Ventromedial Prefrontal Cortex

Last month I reported on a finding that toddlers with autism spectrum disorder showed a strong preference for looking at moving shapes rather than active people. This lower interest in people is supported by a new imaging study involving 62 children aged 4-17, of whom 25 were diagnosed with autistic spectrum disorder and 20 were siblings of children with ASD.

In the study, participants were shown point-light displays (videos created by placing lights on the major joints of a person and filming them moving in the dark). Those with ASD showed reduced activity in specific regions (right amygdala, ventromedial prefrontal cortex, right posterior superior temporal sulcus, left ventrolateral prefrontal cortex, and the fusiform gyri) when they were watching a point-light display of biological motion compared with a display of moving dots. These same regions have also been implicated in previous research with adults with ASD.

Moreover, the severity of social deficits correlated with degrees of activity in the right pSTS specifically. More surprisingly, other brain regions (left dorsolateral prefrontal cortex, right inferior temporal gyrus, and a different part of the fusiform gyri) showed reduced activity in both the siblings group and the ASD group compared to controls. The sibling group also showed signs of compensatory activity, with some regions (right posterior temporal sulcus and a different part of the ventromedial prefrontal cortex) working harder than normal.

The implications of this will be somewhat controversial, and more research will be needed to verify these findings.

An imaging study reveals why older adults are better at remembering positive events.
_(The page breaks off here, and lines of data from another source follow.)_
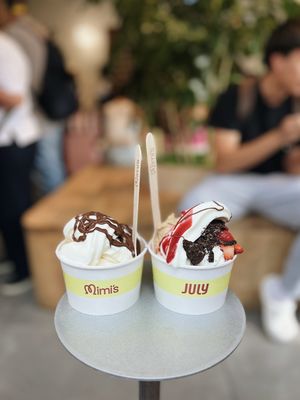 Mimi's Frozen Yogurt by null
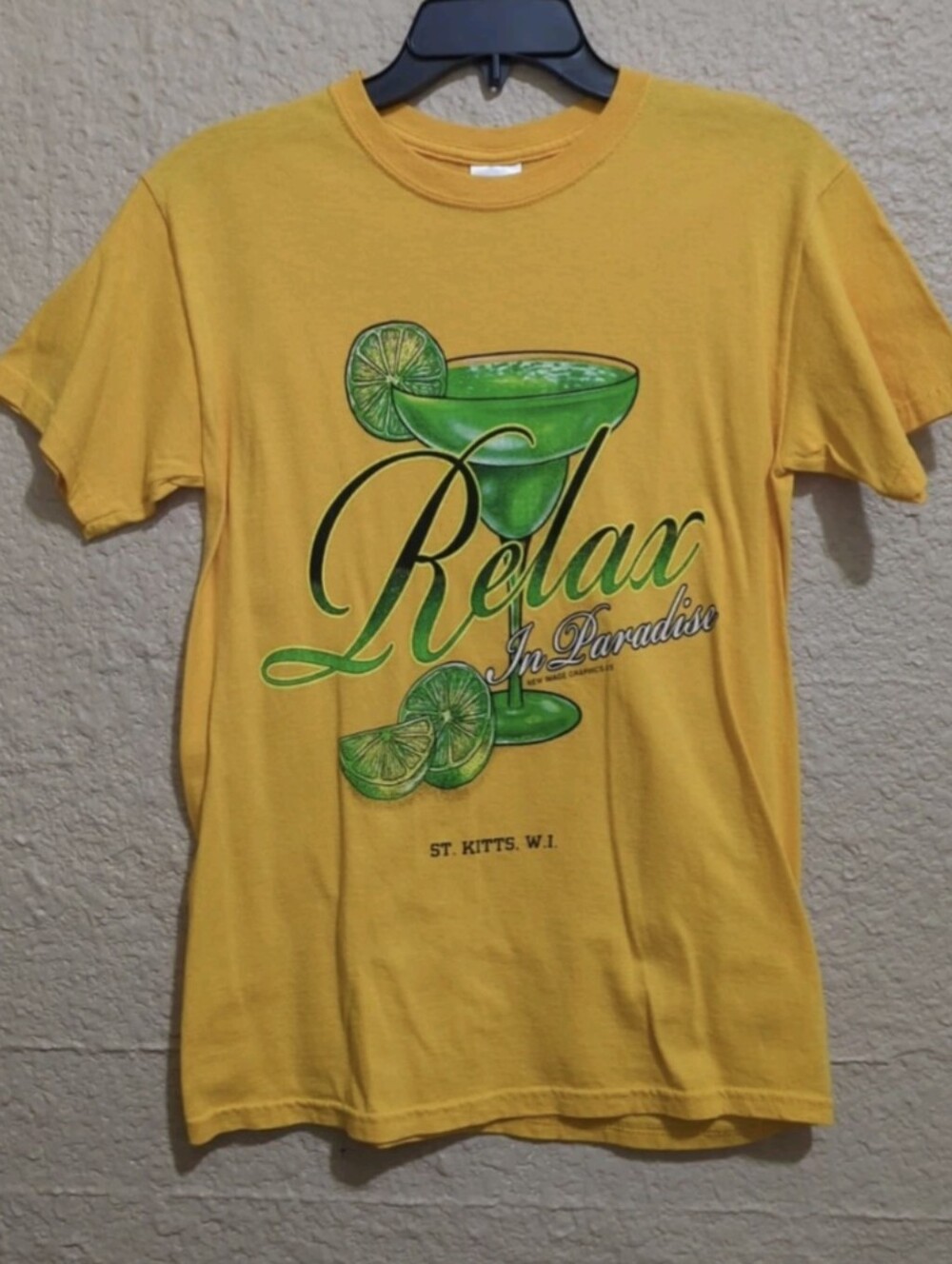 Women's Gildan ST. KITTS W.I. Gold T-Shirt Round Neck Short Sleeves Sz Small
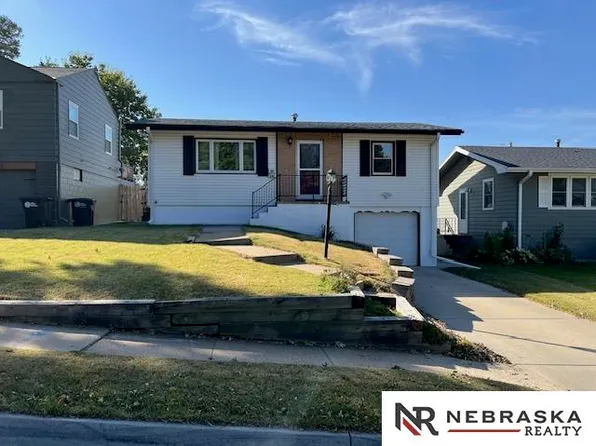 6217 Oak St, Omaha, NE 68106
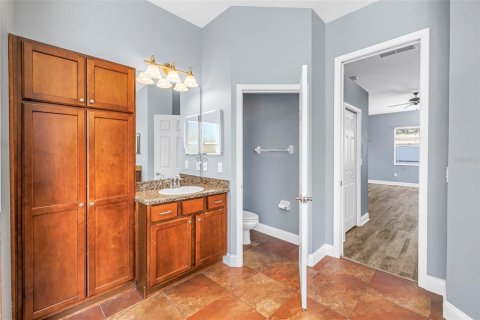 Villa ou maison à vendre à Wesley Chapel, Floride: 4 chambres, 312.43 m2 № 2207610 - photo 14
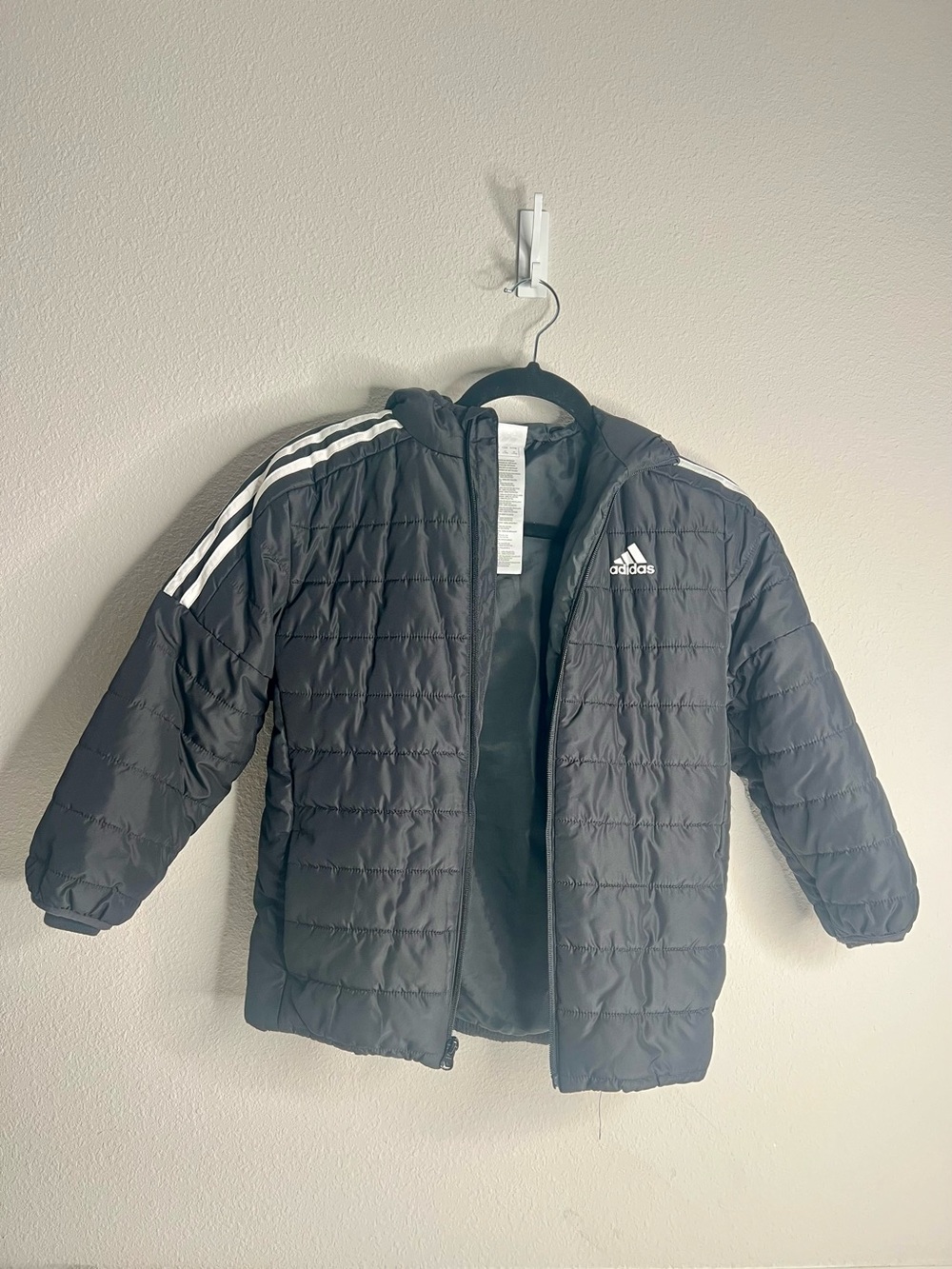 Adidas Black Puffer Jacket with White Stripe Accents. Unisex Size 7/8.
The study, involving young adults (ages 19-31) and older adults (ages 61-80) being shown a series of photographs with positive and negative themes, found that while there was no difference in brain activity patterns between the age groups for the negative photos, there were age differences for the positive photos. In older adult brains, but not the younger, two emotion-processing regions (the ventromedial prefrontal cortex and the amygdala) strongly influenced the memory-encoding hippocampus.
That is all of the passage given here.